Enantioselective assay for the determination of nisoldipine in dog, rat and mouse plasma by chiral microbore high-performance liquid chromatography combined with gas chromatography-mass spectrometry

Abstract

A sensitive, selective and validated method for the enantioselective determination of (+)- and (−)-nisoldipine in rat, mouse and dog plasma following administration of nisoldipine racemate is described. The alkalized plasma samples containing [ 13C 4]nisoldipine racemate as internal standard (ISTD) were extracted once with toluene. The enantiomers of nisoldipine were quantitatively separated by high-performance liquid chromatography on a 250 × 2 mm I. D. column containing tris(4-methylben-zoate)-modified cellulose on silica.
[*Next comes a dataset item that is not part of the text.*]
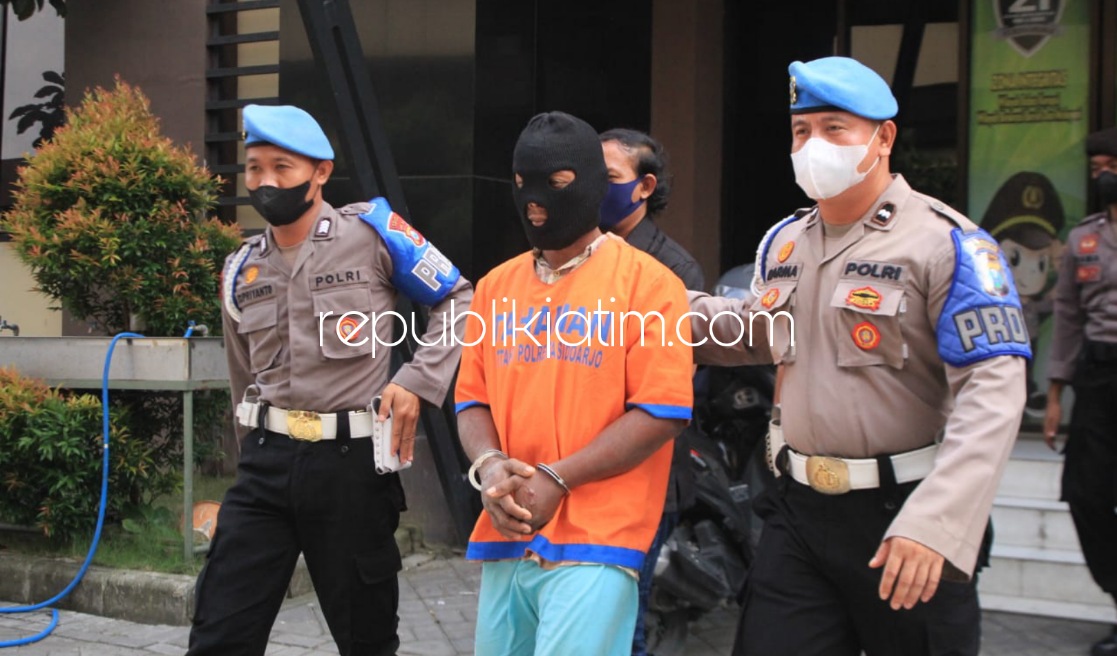 BEJAT - Orangtua berkelakuan bejat, ZA ditahan tim penyidik Satuan Reskrim, Polresta Sidoarjo usai memerkosa anak tirinya, Melati (11) hingga korban hamil saat dipamerkan di Polresta Sidoarjo, Kamis (03/02/2022).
The fractions containing either the (+) or (−)-enantiomer of the analyte and [ 13C 4]ISTD were analysed by gas chromatography with mass-selective detection in the single-ion monitoring mode. The limits of determination and detection were 0.5 and 0.2 ng/ml, respectively, the total precision was better than 7% (R.S.D. at 5 and 50 ng/ml, n = 35) and the accuracy was better than 10% (0.5–100 ng/ml, n = 23). The sum of the concentrations of the enantiomers determined with this assay corresponds to the concentration of the racemate determined independently by capillary gas chromatography with electron-capture detection (accuracy better than 15%, 1–80 ng/ml). The method was used for the analysis of more than 500 plasma samples obtained from toxicokinetic studies.